(Action item):
Return the line that has "compatible General-branded remote control" and all lines below it through the last, exactly as they stand; omit pictures.

(Exercise materials):
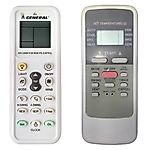 ACOND R51/E - 

compatible General-branded remote control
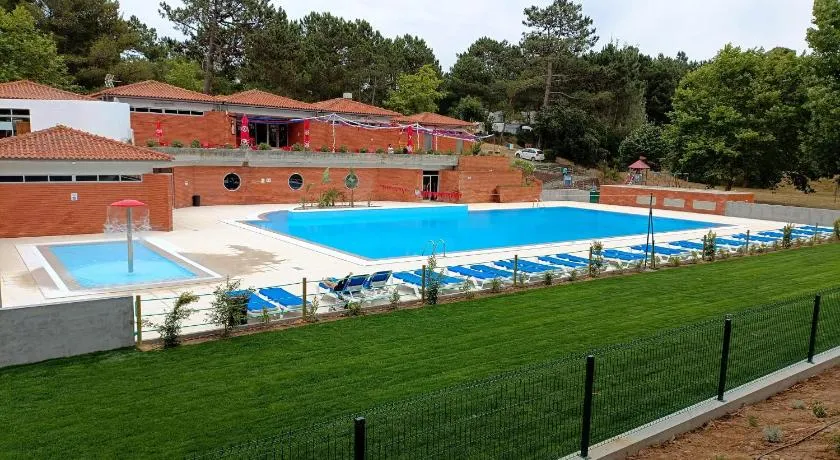 Parque de Campismo Orbitur Foz de Arelho. - Image 1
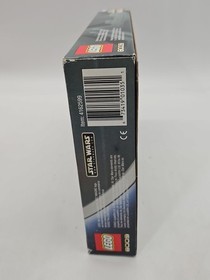 LEGO Star Wars: R2-D2 (8009) Brand New Sealed Box Wear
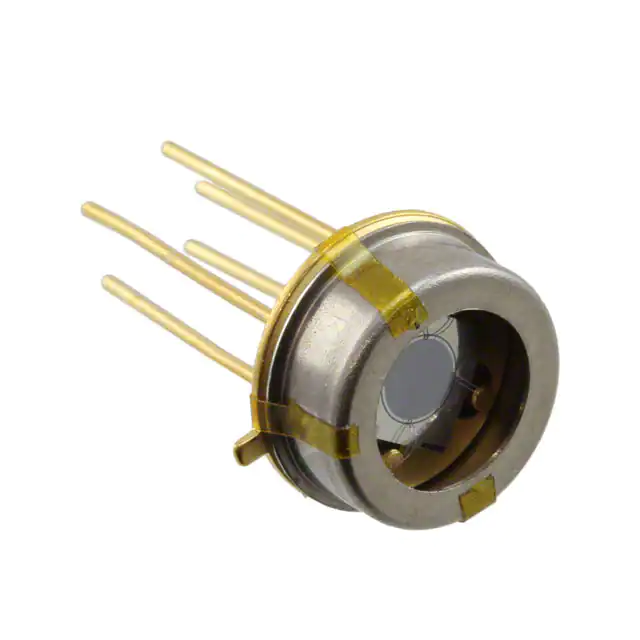 SXUVPS4 Opto Diode Corp electronic component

(Exercise result):
compatible General-branded remote control
 Parque de Campismo Orbitur Foz de Arelho. - Image 1
 LEGO Star Wars: R2-D2 (8009) Brand New Sealed Box Wear
 SXUVPS4 Opto Diode Corp electronic component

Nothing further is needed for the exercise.